▶ _Task instructions_:
In the material below, find the line containing "Signature Collection - Garland®" and the line containing "コーコス信岡 半袖ブルゾン A-4070". Output those two lines and all lines between them exactly, without pictures.

▶ _Provided records_:
★ ★ ★ ★ ★ ★ ★

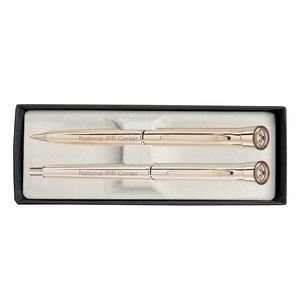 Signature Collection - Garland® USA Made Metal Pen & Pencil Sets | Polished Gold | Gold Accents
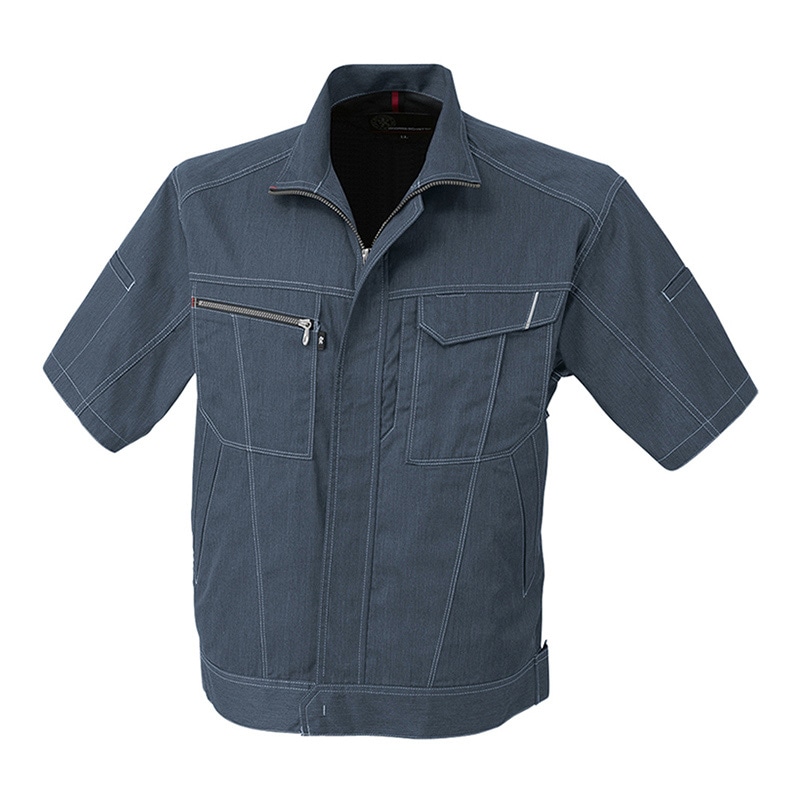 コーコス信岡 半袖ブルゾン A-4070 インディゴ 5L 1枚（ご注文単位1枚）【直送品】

★ ★ ★ ★ ★ ★ ★

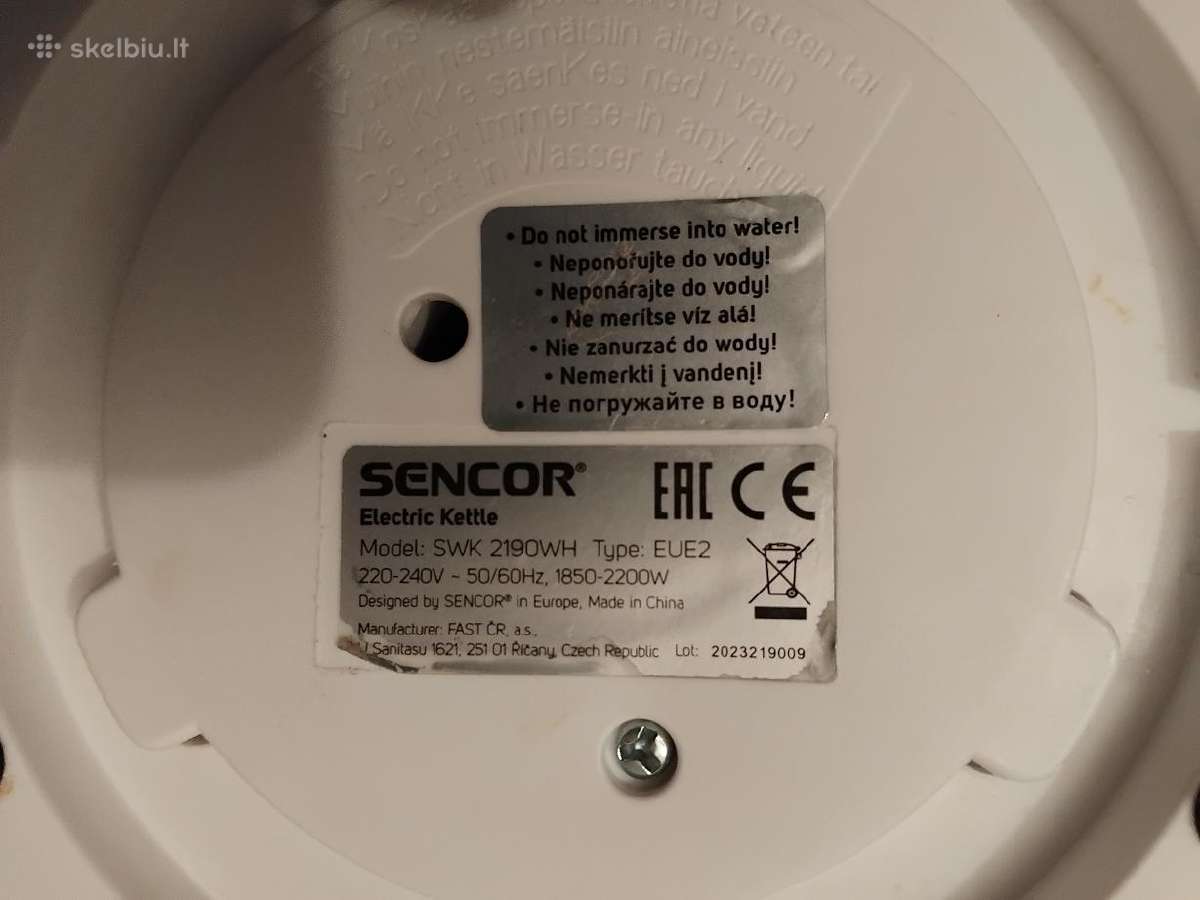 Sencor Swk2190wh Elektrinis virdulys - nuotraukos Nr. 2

★ ★ ★ ★ ★ ★ ★

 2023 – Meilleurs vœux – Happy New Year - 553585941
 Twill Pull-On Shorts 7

★ ★ ★ ★ ★ ★ ★

▶ _Written answer_:
 Signature Collection - Garland® USA Made Metal Pen & Pencil Sets | Polished Gold | Gold Accents
 コーコス信岡 半袖ブルゾン A-4070 インディゴ 5L 1枚（ご注文単位1枚）【直送品】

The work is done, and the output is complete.